Household capital a retirement solution claims new research

LONDON: The potential fourth pillar of retirement income, accessing household capital, could be the solution to a comfortable retirement, new research shows.

The latest research from Heartland Seniors Finance conducted by RMIT University found 90% of senior Australians want to remain in their home for as long possible but limited superannuation and the rising cost of living is restricting this.

Around 36% of older Australians live in a home that may be unsuitable for “ageing in place”, without upgrades or renovations with around 29% believing they will not be able to afford the changes required to make the home suitable for aged care needs.

In addition, the research found downsizing as an unattractive solution to release equity due to financial and physical costs and the negative impact on housing and neighbourhood satisfaction.

The university analysed data from Heartland Seniors Finance reverse mortgage loan book over a 15-year period and found the most commonly identified purpose for loans is home improvements (43%) followed by payment of existing debt (31%).

Around 13% of respondents plan to sell the family home to fund their retirement, with a further 42% undecided on what to do with the home.

RMIT echoed the sentiment of the Retirement Income Review (RIR) which found household capital and home ownership as an important fourth pillar.

RMIT suggests the fourth pillar should include equity release options like reverse mortgages.

“By releasing home equity, a reverse mortgage could help Australian seniors fund the cost of retirement and facilitate ageing in place,” RMIT said.

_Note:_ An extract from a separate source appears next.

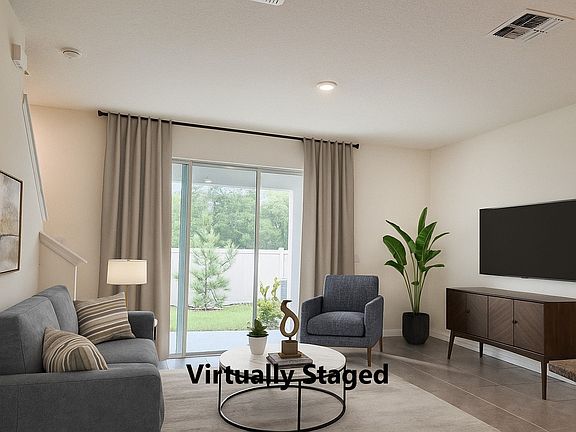 Living Room Area Virtually Staged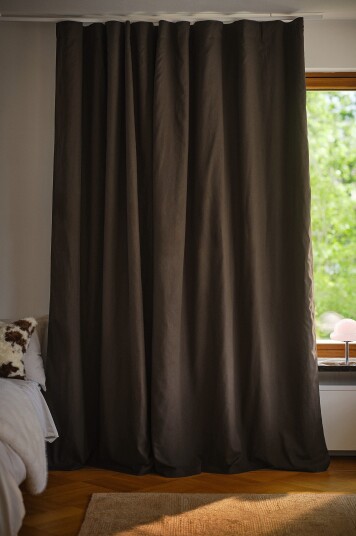 Jotex Mørkleggingsgardin Lin 1lengde Ekstra Bred Sjokoladebrun MELANIE 207581904220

“There is a place for equity release products in Australia’s retirement policy mix, particularly as the retirement savings gap is expected to rise markedly in the near future.”

The RIR found accessing household capital as a plausible option as household assets have increased over the last 30 years.

Despite this, it also noted RIR households diverting their income to pay down large mortgage debt may struggle to build retirement savings outside of owning their home.